My colleague, Avery Glasser, will be issuing a commentary on Microsoft’s approach to VoiceXML clarifying Opus Research’s perspective on why Microsoft — to paraphrase Stanley Kubrick’s second title to the black-and-white classic movie “Dr. Strangelove” — stopped worrying and learned to love VoiceXML. Anybody remember the words to Kumbaya?

Someone’s Coding, Lord…
And that’s the whole point. As April gave way to May, Microsoft was on the horn to analysts and journalists to highlight the most salient features regarding tooling for MSS 2007. Like the rest of its cohort in speech application development, Microsoft has known for some time that the key to success for speech applications is the creation of truly excellent user experience. And like the best of the cadre of application development specialists, Microsoft recognizes that the user’s judgment is based on results. Those results are not based on the accuracy of core-recognition engines (though it helps), it’s based on the success rate in accomplishing specific tasks.

In other words, the success of speech-based applications is not a function of core speech-recognition technologies. Instead, it’s a function of the quality of the end-to-end application framework that makes for a truly gratifying and successful conversation, whether it’s person-to-person, person-to-machine or machine-to-machine. That’s why, when it comes to creation tools for speech applications, Microsoft’s foundation speech server product is not a “dialog designer” but rather a “dialog workflow designer” – small change grammatically, big difference thematically.

If I understand Patterson correctly there is no longer a “Speech Application SDK” for Visual Studio. Instead, there is MSS 2007-Developer Edition, an instantiation of the MSS that also includes a library of “speech activities” that, thanks to Microsoft’s WinFX framework, automatically upload to registered computers running Visual Studio. The widgets then appear as icons that give developers the ability to create new applications as easily as they would draw application flows with a visual tool like Visio.

Tools Don’t Guarantee Excellent User Experience
But they’re getting closer. There’s a reason that the core MSS 2007 announcement revolved around Dialog Workflow Design. Microsoft recognizes that, more often than not, speech-based dialog is but a small fraction of a user interaction. For that matter, it’s an even smaller fraction of a company’s life-long relationship with any customer. That’s why, in addition to the “speech activities,” a selection of “workflow activities” can be invoked as part of a conversation.

For instance, if a phone call is made to an automated system’s “change of address” application, the system can trigger a database update upon termination of the telephone call.
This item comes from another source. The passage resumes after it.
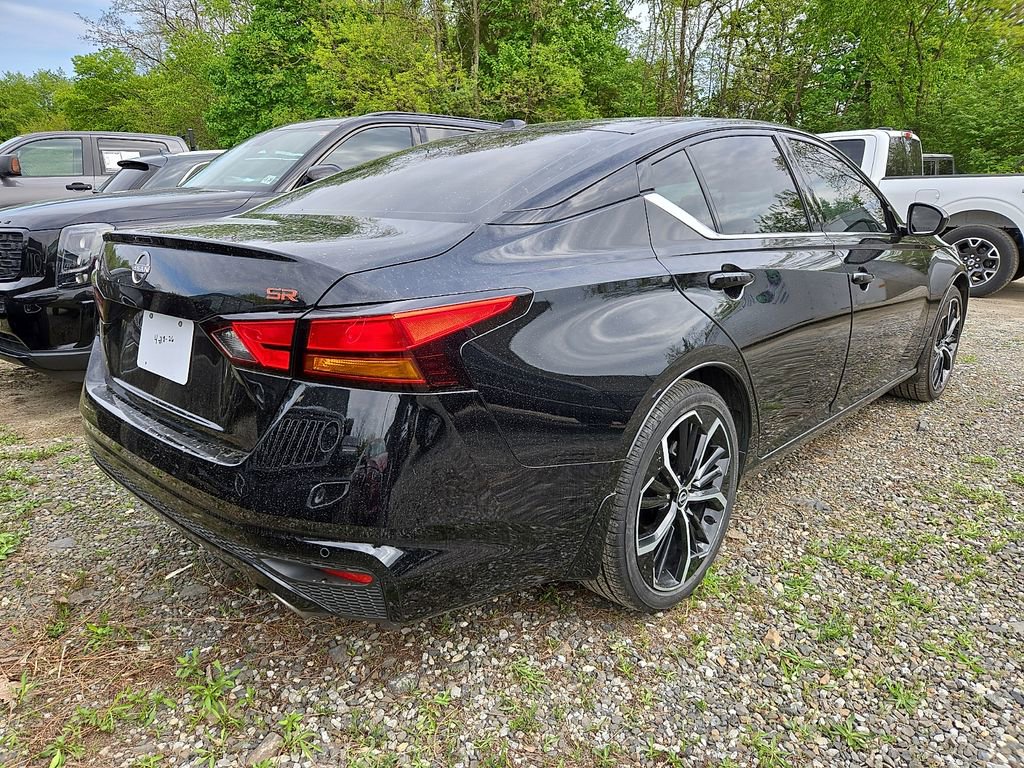 Used 2025 Nissan Altima 2.5 SR FWD image 4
That’s a simple example, but it represents a major step toward what Microsoft characterizes as “breaking the IVR out of its silo.”

Which Brings Us to the “Open and Closed” Case
Opus Research will have lots more to say about MSS2007 and the potential of its users to “manufacture” better and more successful user experiences. (Hint: Microsoft has made the most of its acquisition of Unveil’s intellectual property and the work of its core engineers). Taken holistically, the combination of adding VoiceXML, SIP and tooling that embraces workflow management represents a major step toward to true service-oriented architecture (SOA).
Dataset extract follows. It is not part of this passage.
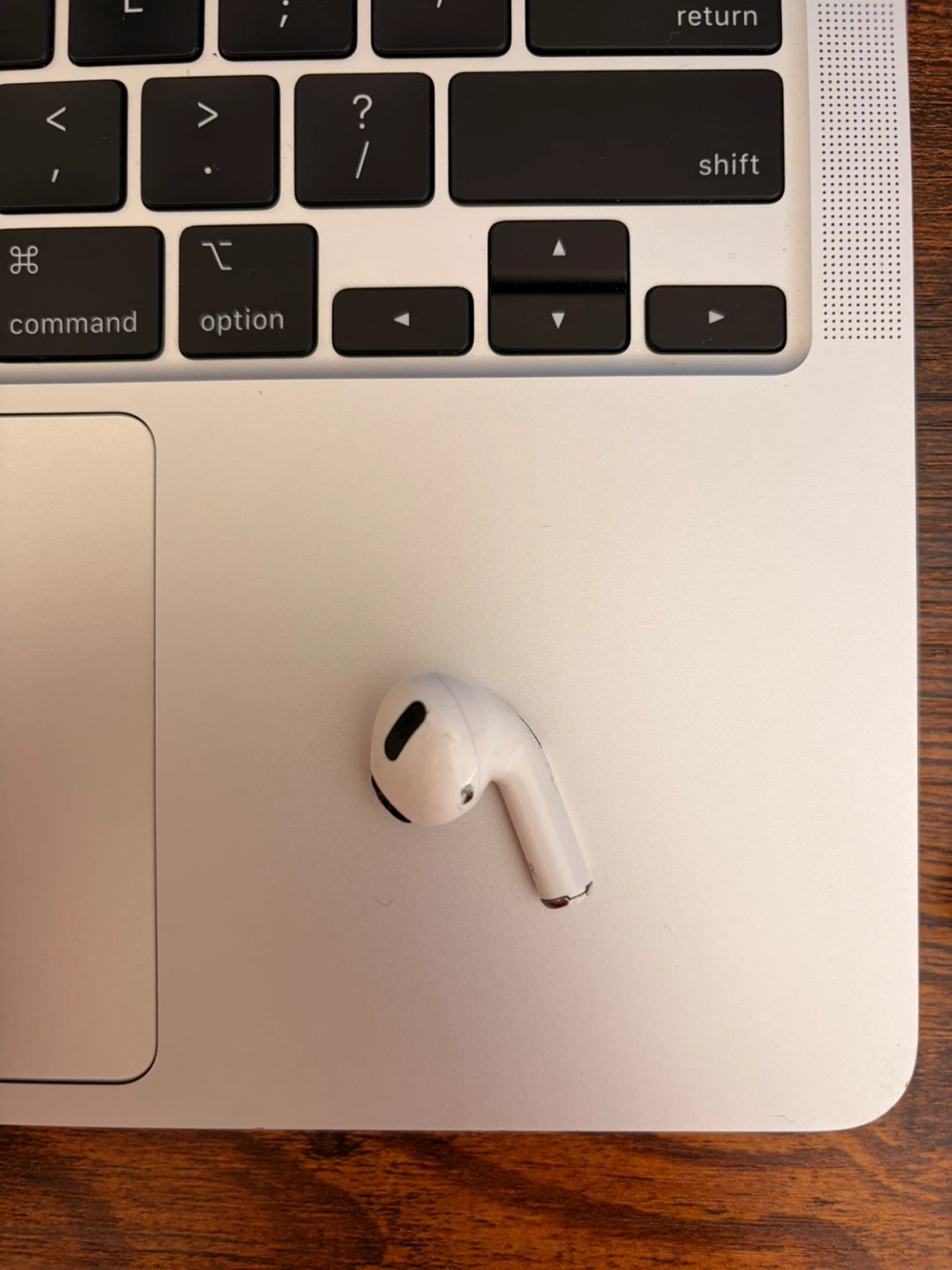 Apple AirPods Pro 1st Gen (Right Earbud Only)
No doubt Microsoft continues to see the combination of disruptive pricing, a formidable set of tools and a skilled community of developers as a world-beating, going-forward strategy — namely to make speech mainstream. Ironically, the rest of the conversational access technologies (CAT) application development and platform community should see their prospects rising with the roll-out of MSS2007. Microsoft sees SOA through .NET-colored glasses. Indeed, the move to endorse VoiceXML, SIP and the tighter mating of speech with application workflows reflects its confidence that enterprise customers will choose end-to-end Windows-based solutions, a prospect that gets very attractive for medium-sized enterprises.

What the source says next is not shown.